Building software that’s easy to monitor and administer

Building software that’s easy to monitor and administer

09/23/2013 20:12:04

When you’re building software that’s central to what your company does, it’s very important that you build software that’s easy to support.

This might sound like obvious advice, but at the end of the day, if something goes wrong, you’re likely to be the person called to support the live system, so you should make sure that the system you build exposes the information you’re going to need to troubleshoot it. When times are good, it’s also important for you to be able to see the status of a system that’s currently in-flight. People will ask, so you may as well arm yourself with the information you need.
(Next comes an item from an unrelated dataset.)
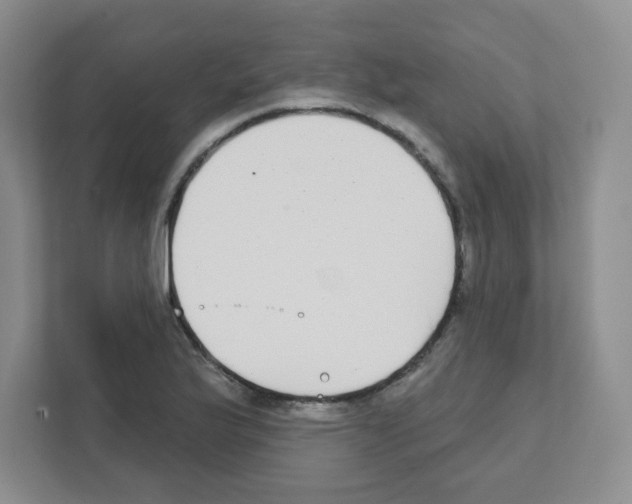 X0000111421175200908241126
Here’s some simple, and practical advice, to making systems monitoring-friendly.

Make sure you have logging

Again, seemingly obvious advice, but make sure you’re logging important information. Logging is a solved problem across many languages and frameworks, so don’t reinvent it. Use Log4X (.NET/J/whatever), and make sure the logs roll and are available to everyone easily. There are some great services out there that support syslog searching and indexing – check out papertrailapp.com for my personal favourite.

Track and aggregate errors and exceptions

Understanding what constitutes a “normal” amount of errors in your application is very important. There are plenty of reasons for websites to generate errors under traffic, web-crawlers generating invalid uris, poor or malicious user input, however a single error in a payment processing system is often critical. You should spend time understanding the error profile of your application – fix the bugs that cause the “expected” errors to ensure that “real” errors don’t get mistaken for noise. There are plenty of services out there to help you track and fold errors, I particularly like raygun.io for .NET and JavaScript projects (though their support is much wider). You want to watch general trends of errors over time, along with new introductions, to understand how to respond to errors in your software after launch.

Windows software? Use the event log!

Log files are great, but some solid event log messaging and some custom performance monitors in your application will make that special sysadmin in your life very happy. There are plenty of tools that can monitor these logs for messages, status codes and spikes in performance counters (including Microsofts own SCOM along with lots of popular third party tools).

Building system services? Don’t hide them!

System services are common and just as easily forgotten. If you’re writing “invisible” software, it’s important to force it into the limelight so people don’t forget it’s there, and especially so they notice if it’s not running. As good practice, I always recommend running monitoring dashboards from inside the system service to ensure people know it’s there. I’m a big fan of embedding a web server in all system services that would otherwise be invisible that provide monitoring dashboards with the kind of statistics that you’d need during troubleshooting. Your applications will know what’s important to them, so measure stats in real time and message them over HTTP – everyone knows how to use a browser, and the presence of the status page is a great way to monitor availability. If you want to do a great job, you can use graphing libraries and expose the data as json for other systems to query. Consider surfacing things like “average time to process a request”, “number of failures since launch”, “throughput” and other metrics that’ll help you if you’re investigating live issues. If you’re working in C# / .NET I highly recommend using NancyFx as an embedded webserver in your system services.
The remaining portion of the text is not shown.